ONE FINAL ELEMENT of Priestley’s approach gave him a distinct advantage in scaling the mountain: his research style was uniquely suited for the problem he was wrestling with. At this early stage in its development, pneumatic chemistry was a field that happened to be highly receptive to Priestley’s characteristic approach—take dozens of minerals or plants or organisms and subject them to an endless series of experimental variations: burning, heating, bottling up. If he had been attempting to solve the riddle of universal gravitation or natural selection, his methodology would have been useless. But the mystery of air turned out to be a problem that you could productively tackle with a laundry basin, a few beer glasses, and a gift for imagining new combinations. He had put mice and spiders into a glass jar and watched them die. So why not a plant?
But what happened next was Priestley’s real stroke of combinatorial genius. After he had convinced himself that the mint in the glass was surviving despite its confinement, he decided to make a simple, but essential, modification to the experiment, one that took only a matter of seconds to engineer. On August 17, 1771, after a summer of analyzing those preternaturally healthy bottled sprigs of mint, Priestley took a thin wire and attached a “small bit of candle” to the end, and twisted the wire so that the candle end was turned upward. He lit the wick, and placed the flame next to a new sprig of mint, its roots floating in a pool of water. Then he slowly lowered a glass cylinder over the plant and the flame, and waited for the candle to burn through the supply of air in the container. Priestley knew that a mouse or spider placed into such an environment would be dead in seconds, since the candle had burned through all that was life-sustaining in “good” air. But would the plant survive? When the flame died out, he pulled the wire through the water at the base of the glass, leaving the sprig alone in the glass with no wholesome air whatsoever.
On August 27, Priestley revisited the mint in the glass. Ten days before, a flame had been snuffed out by the lack of wholesome air in the vessel, and during that period, no new air had entered the glass. Priestley knew from experience that an empty glass left in that state would be completely inhospitable to flame, as well as to any organism confined there. But when he went to light a candle in the glass, he found that “it burned perfectly well in it.”

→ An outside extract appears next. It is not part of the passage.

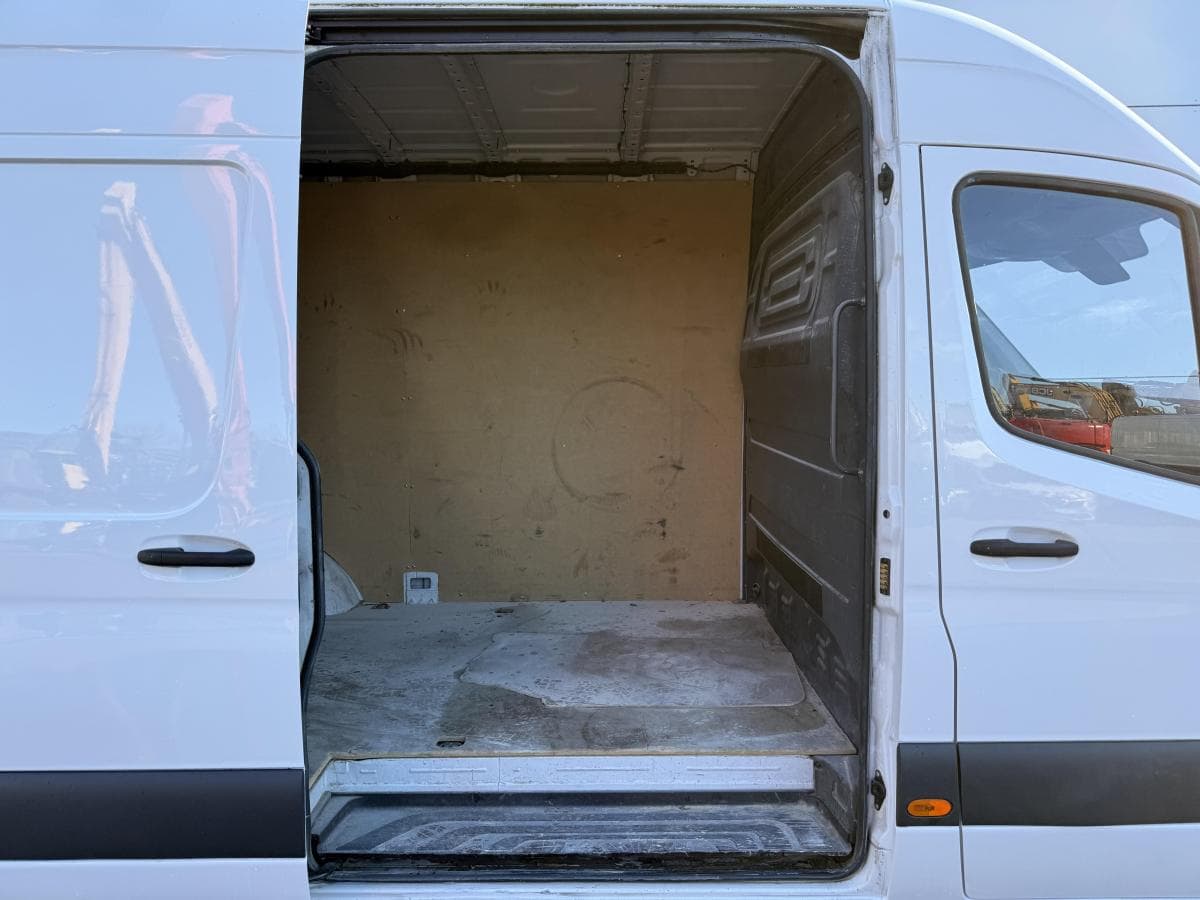 Mercedes-Benz Benz sprinter 314 22 cdi Sprinter 314 2.2 CDI thumbnail 9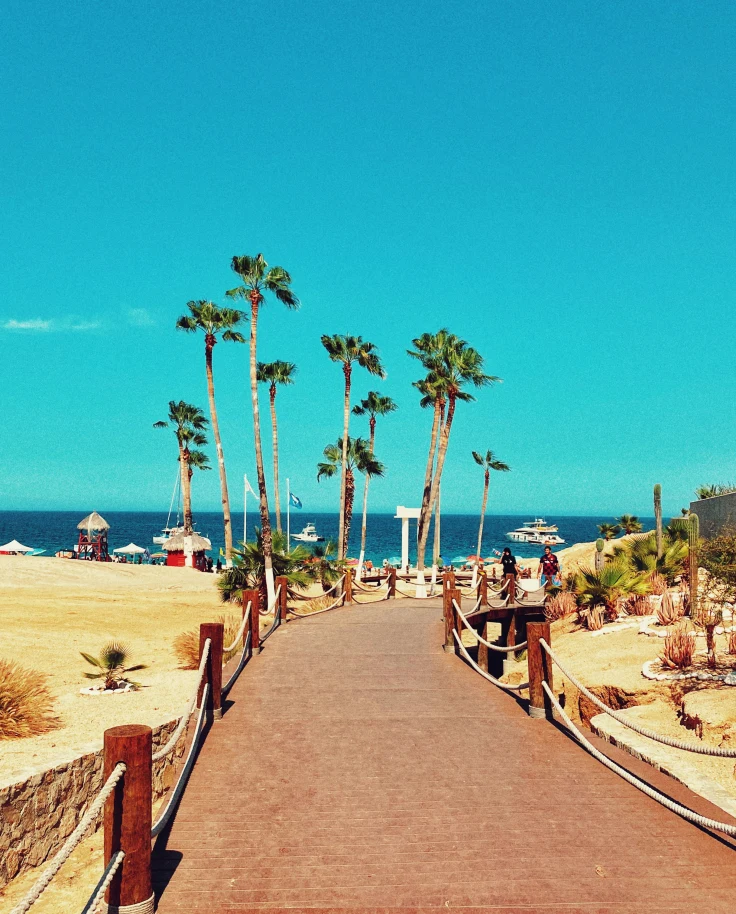 Relaxation and Indulgence: Basking in the Amenities of Le Blanc Spa Resort Los Cabos curated by Mckenzie Carbaugh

This was genuine news. His first experiment had shown that plants failed to exhaust or poison the atmosphere the way living creatures did, but that flame burning next to the sprig of mint suggested a far more radical proposition: that plants were restoring something fundamental to the air, or they were creating the air itself. He repeated the experiment “eight or ten times in the remainder of the summer . . . without the least variation in the event.” The possibilities sent Priestley into a furious run of new configurations:
Several times I divided the quantity of air in which the candle had burned out, into two parts, and putting the plant into one of them, left the other in the same exposure, contained, also, in a glass vessel immersed in water, but without any plant; and never failed to find, that a candle would burn in the former, but not in the latter. . . . I generally found that five or six days were sufficient to restore this air, when the plant was in its vigour; whereas I have kept this kind of air in glass vessels, immersed in water many months, without being able to perceive that the least alteration had been made in it. I have also tried a great variety of experiments upon it, as by condensing, rarefying, exposing to the light and heat, &c. and throwing into it the effluvia of many different substances, but without any effect.

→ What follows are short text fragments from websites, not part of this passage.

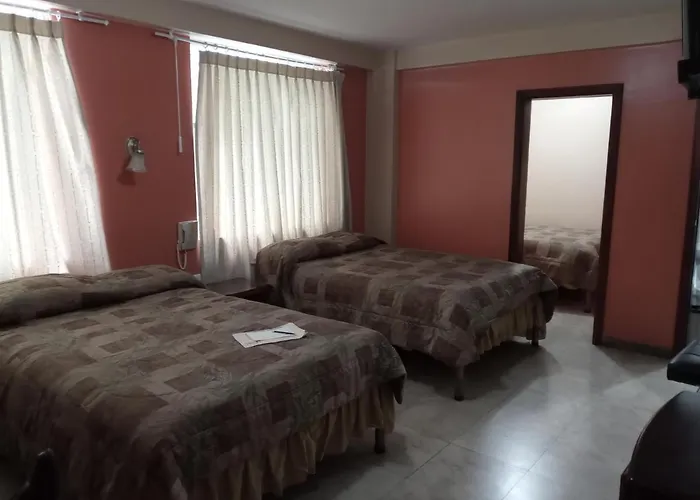 Hostal El Callejon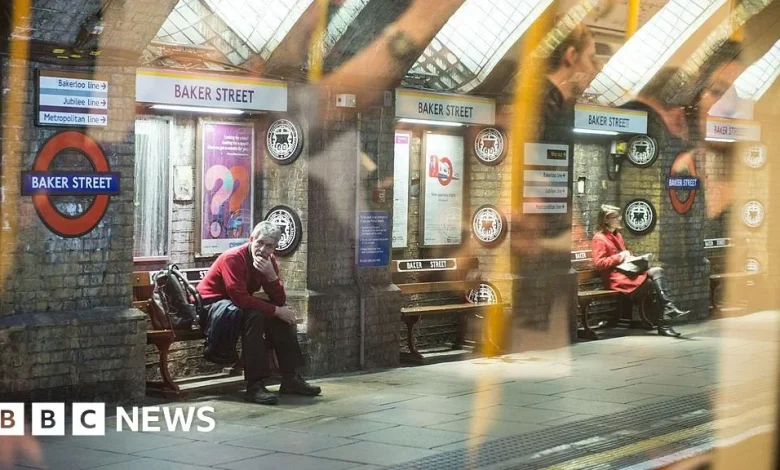 Metropolitan line shut between Baker St and Aldgate until 9 November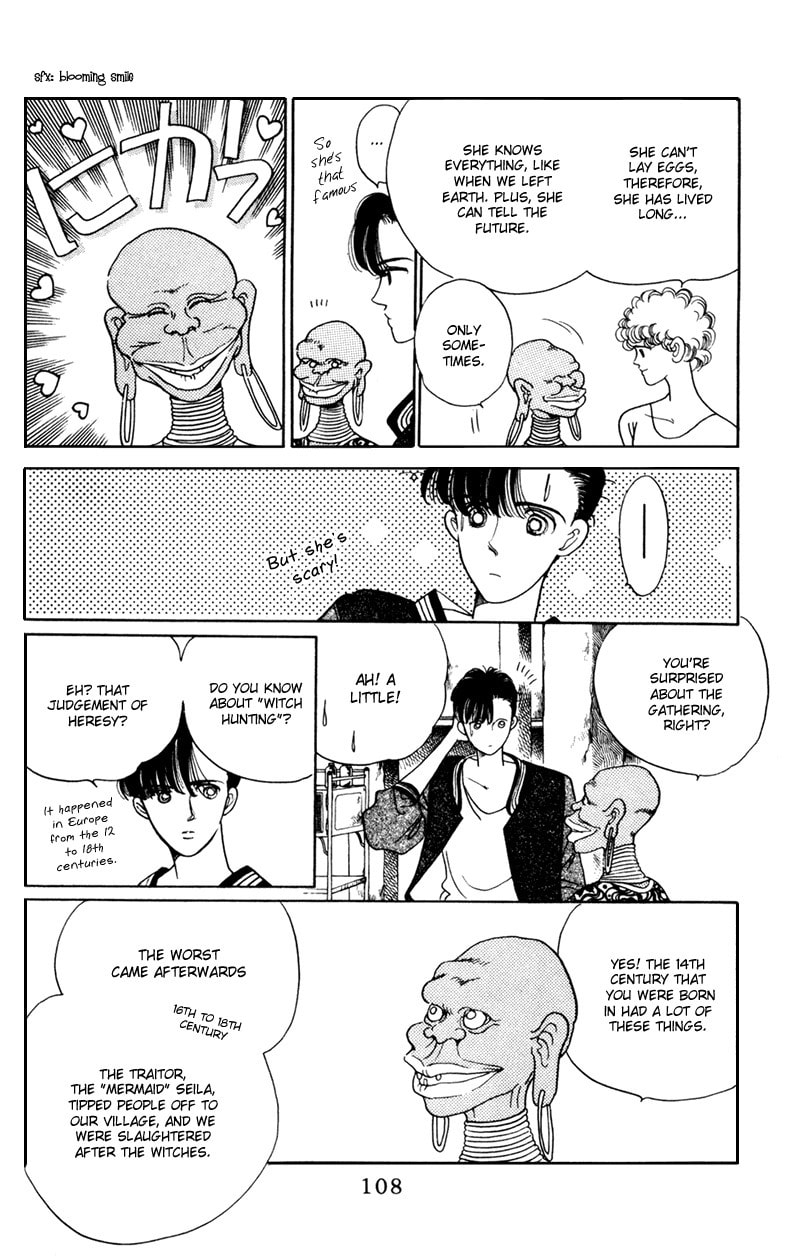 Read Moon Child chapter 3 image 19 on Lezhin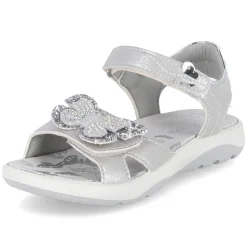 Sandalen FARFALLA - Silver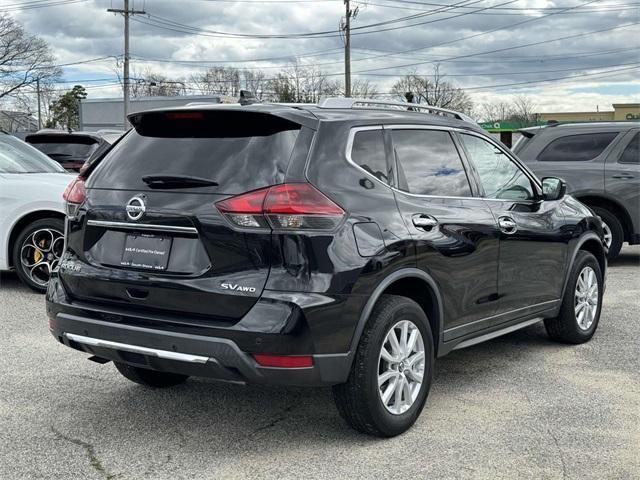 used 2020 Nissan Rogue car, priced at $17,288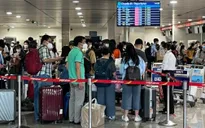 Hàng không chuẩn bị phục vụ cao điểm Tết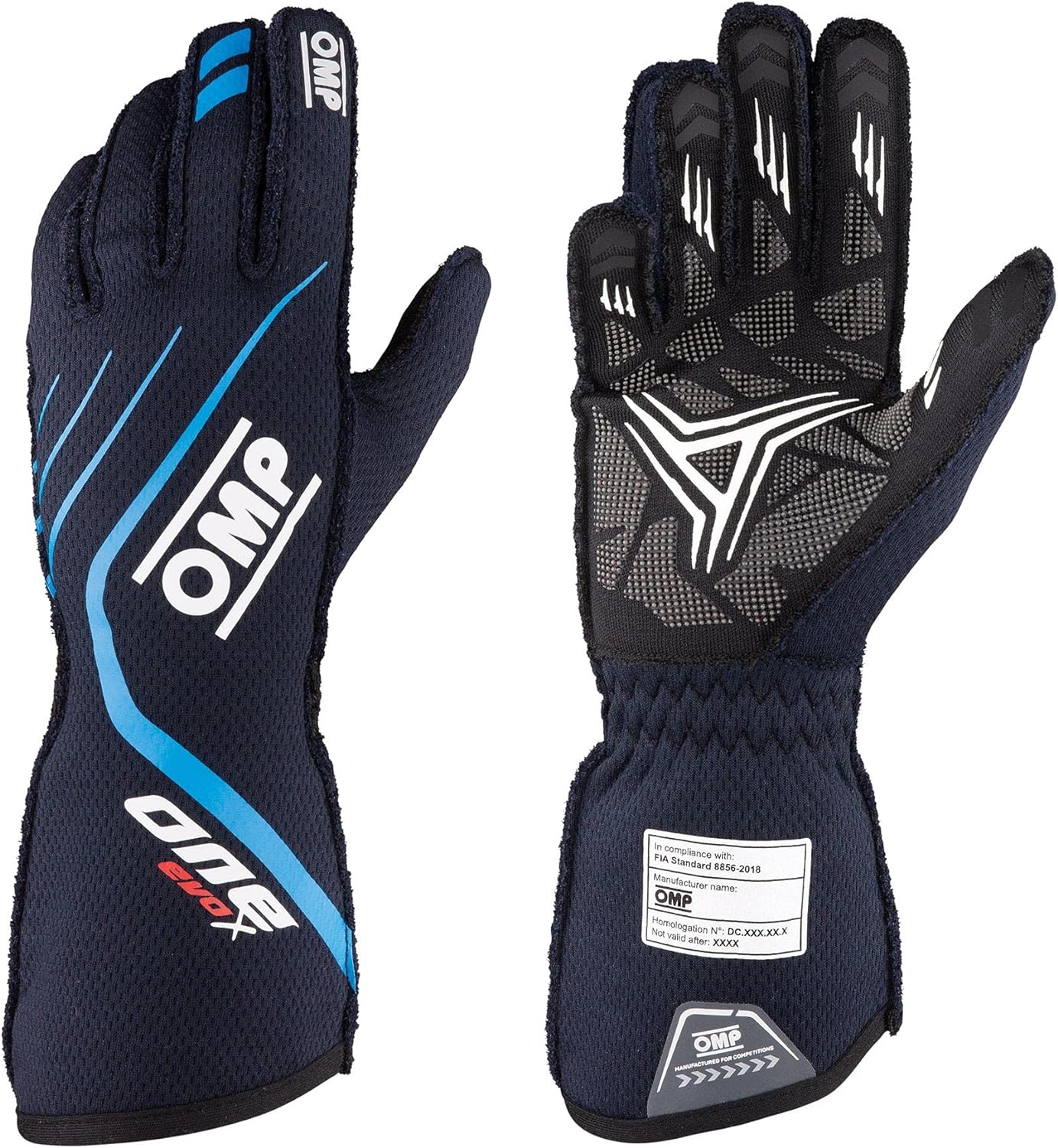 OMP ONE EVO X GLOVES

By the fall of 1771, Priestley was confident enough in his results to begin sharing the news with the Honest Whigs. “You may depend on the account I sent you of my experiments on the restoration of air made noxious by animals breathing it or putrefying it, which I sent to Dr. Franklin,” he wrote to Price on October 3. “Air in which candles have burnt out is also restored by the same means.” (He wrote Price again three weeks later to reiterate this point.) By the summer of 1772, Priestley had cycled through a series of different plants to confirm that the restorative effect was not somehow specific to mint. He began with a sprig of balm, which performed admirably. He then began to worry that the “aromatic effluvia” of those two plants was somehow the culprit, and so he tried the experiment with the “offensive”-smelling weed groundsel. Of all the plants he put under the glass, spinach proved to be the most effective at restoring the atmosphere inside the glass. In one experiment a spinach plant was able to fill the glass with combustible air in only two days.

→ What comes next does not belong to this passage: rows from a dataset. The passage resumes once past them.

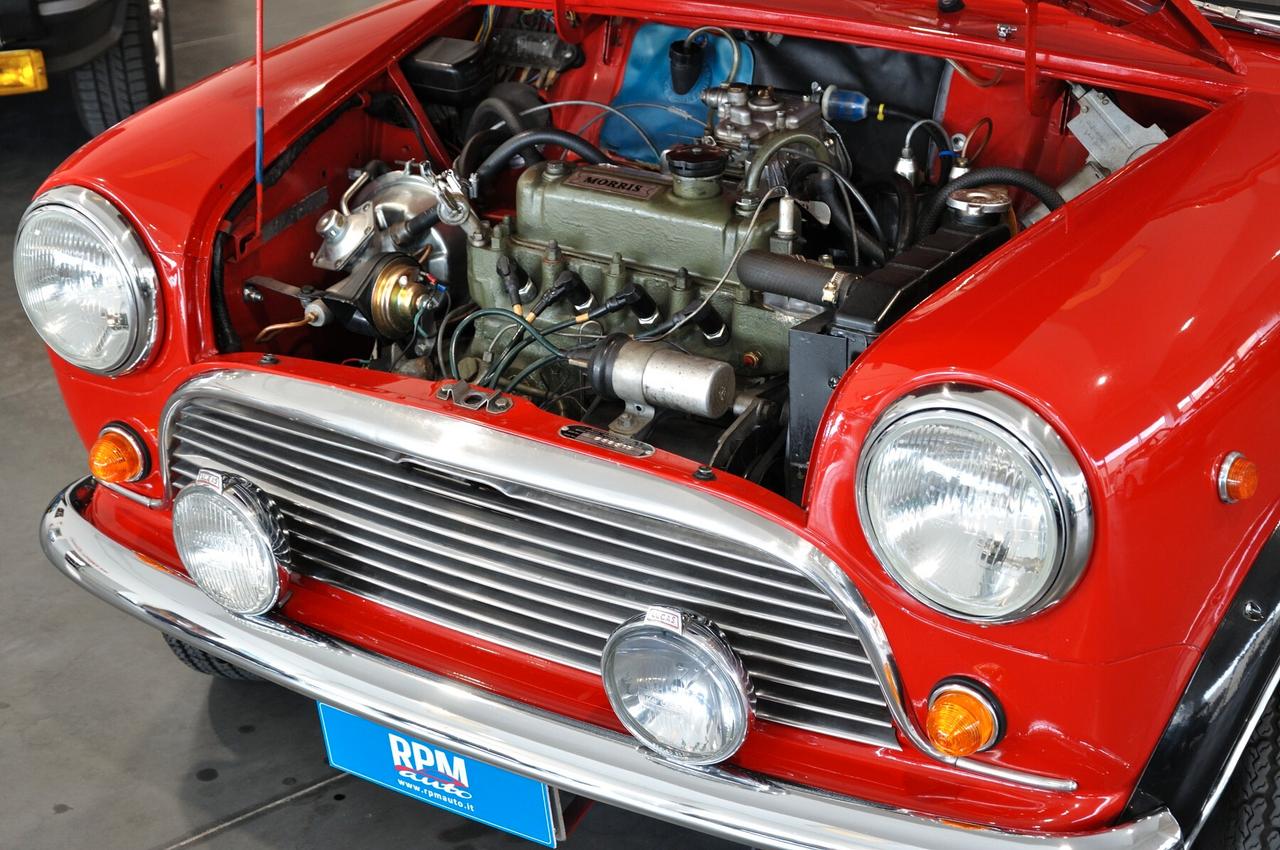 Innocenti Mini replica Morris Cooper S 1275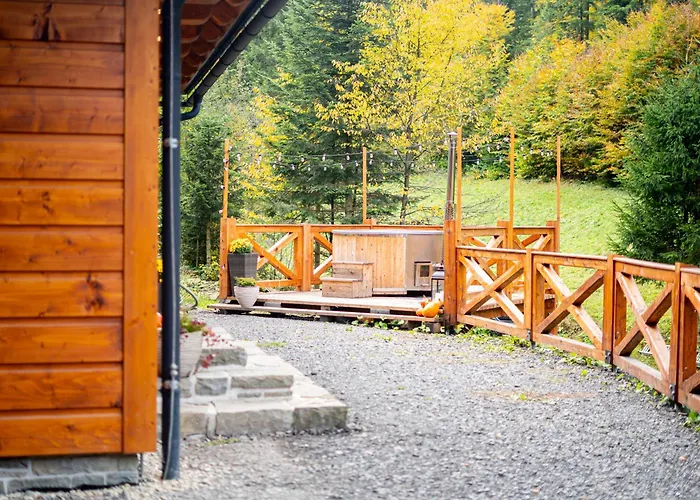 Prázdninový dům Wellness Krajanka Nový Hrozenkov
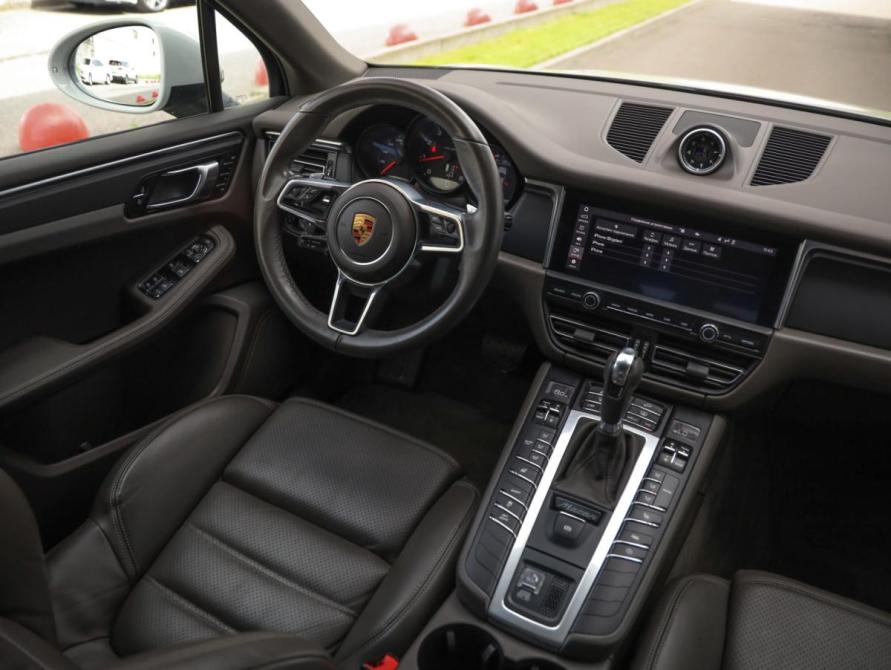 Porsche Macan I Рестайлинг Санкт-Петербург  - изображение 13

Franklin returned for another visit to Leeds in June of 1772, this time bringing John Pringle, the Scottish physician who would soon be elected president of the Royal Society. Priestley gave them the full tour of his experiments with restoring air, and the visit seems to have energized him all over again about the importance of what he had discovered. On July 1, he wrote to Franklin:
I presume that by this time you are arrived in London, and I am willing to take the first opportunity of informing you, that I have never been so busy, or so successful in making experiments, as since I had the pleasure of seeing you at Leeds.
I have fully satisfied myself that air rendered in the highest degree noxious by breathing is restored by sprigs of mint growing in it. You will probably remember the flourishing state in which you saw one of my plants. I put a mouse [in] the air in which it was growing on the saturday after you went, which was seven days after it was put in, and it continued in it five minutes without shewing any sign of uneasiness, and was taken out quite strong and vigorous, when a mouse died after being not two seconds in a part of the same original quantity of air, which had stood in the same exposure without a plant in it. The same mouse also that lived so well in the restored air, was barely recoverable after being not more than one second in the other. I have also had another instance of a mouse living 14 minutes, without being at all hurt, in little more than two ounce measures of another quantity of noxious air in which a plant had grown.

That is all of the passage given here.